All Aboard! Railroading and Portland’s Black Community
By Kimberly Moreland
The Oregon Black Pioneers (OBP) in partnership with the Oregon Historical Society (OHS) and a community advisory committee presents an interactive, educational exhibit that focuses on the work and lives of African American railroaders, porters, and the community that grew up around Portland’s Union Station from the late 1800s to the 1940s. Railroad and hotel workers formed the nucleus of Portland’s small but thriving African American community that emerged prior to World War II. The new exhibit entitled, All Aboard! Railroading and Portland’s Black Community, opens on January 15 and runs until April 21, 2013 at the Oregon Historical Society.

Waiters posing in front of the Northern Pacific’s Spokane-Portland-Seattle run in 1915. William H. Rutherford (far right) was recruited by the Portland Hotel from Columbia, South Carolina in 1897. (Courtesy of the Oregon Historical Society, bb004688)
Visitors will see uniforms and clothing worn by black railroad workers during the late nineteenth and early twentieth centuries, and learn about the establishment of black-owned businesses, early black churches and other social institutions within the context of Oregon’s racial history. The exhibit will also feature a video entitled “Black Families and the Railroad,” and visitors will have a rare opportunity to read remnants of historical black newspapers that were established as early as 1896. Come take a picture with a Pullman Porter or in front of a platform backdrop of the Union Pacific’s Portland Rose, once herald as “A Triumph in Train Comfort.”
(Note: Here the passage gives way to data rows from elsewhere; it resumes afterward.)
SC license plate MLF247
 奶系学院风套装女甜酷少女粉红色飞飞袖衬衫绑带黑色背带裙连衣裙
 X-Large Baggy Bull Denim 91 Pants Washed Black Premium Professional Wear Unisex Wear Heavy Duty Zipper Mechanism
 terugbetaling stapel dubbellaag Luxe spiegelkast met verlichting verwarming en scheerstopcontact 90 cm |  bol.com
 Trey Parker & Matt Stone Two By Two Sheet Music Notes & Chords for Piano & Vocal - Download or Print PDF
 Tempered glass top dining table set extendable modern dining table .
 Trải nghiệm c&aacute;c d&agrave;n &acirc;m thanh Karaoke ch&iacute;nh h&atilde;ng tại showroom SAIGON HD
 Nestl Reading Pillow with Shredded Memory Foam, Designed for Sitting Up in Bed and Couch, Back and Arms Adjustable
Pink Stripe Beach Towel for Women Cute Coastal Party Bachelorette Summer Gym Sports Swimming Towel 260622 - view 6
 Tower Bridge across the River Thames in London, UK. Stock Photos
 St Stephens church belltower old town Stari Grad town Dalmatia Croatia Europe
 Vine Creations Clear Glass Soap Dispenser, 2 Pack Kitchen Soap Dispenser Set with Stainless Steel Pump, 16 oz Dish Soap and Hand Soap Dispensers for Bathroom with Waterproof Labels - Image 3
Black waiters serving in a Steamer Express dining car in 1915. (Courtesy of the Oregon Historical Society, bb002122)
A community advisory committee consisting of former railroad men, the children of former railroad men and local historians has enhanced the exhibit planning through their expertise and personal knowledge of railroad history. Funding for All Aboard! was provided by the National Railway Historical Society, Oregon Community Foundation, Oregon Heritage Commission, Oregon Humanities, and Trust Management Services, LLC.
As an extension of the exhibit, the OBP will host a series of panel discussions that will highlight the history and life of African American railroaders. More information about the exhibit and accompanying panel discussions is available on the OHS website. Or visit the Oregon Black Pioneers website and/or contact Gwen Carr, OBP Research and Education Chair at blackpioneers@qwestoffice.net.
Kimberly Moreland is the Marketing and Communication Coordinator with Oregon Black Pioneers.

That exhibit sounds very interesting. I’m definitely going to have to get up to Portland and see it!
Hi Sabrina,
Happy to hear you’ll check out the exhibit!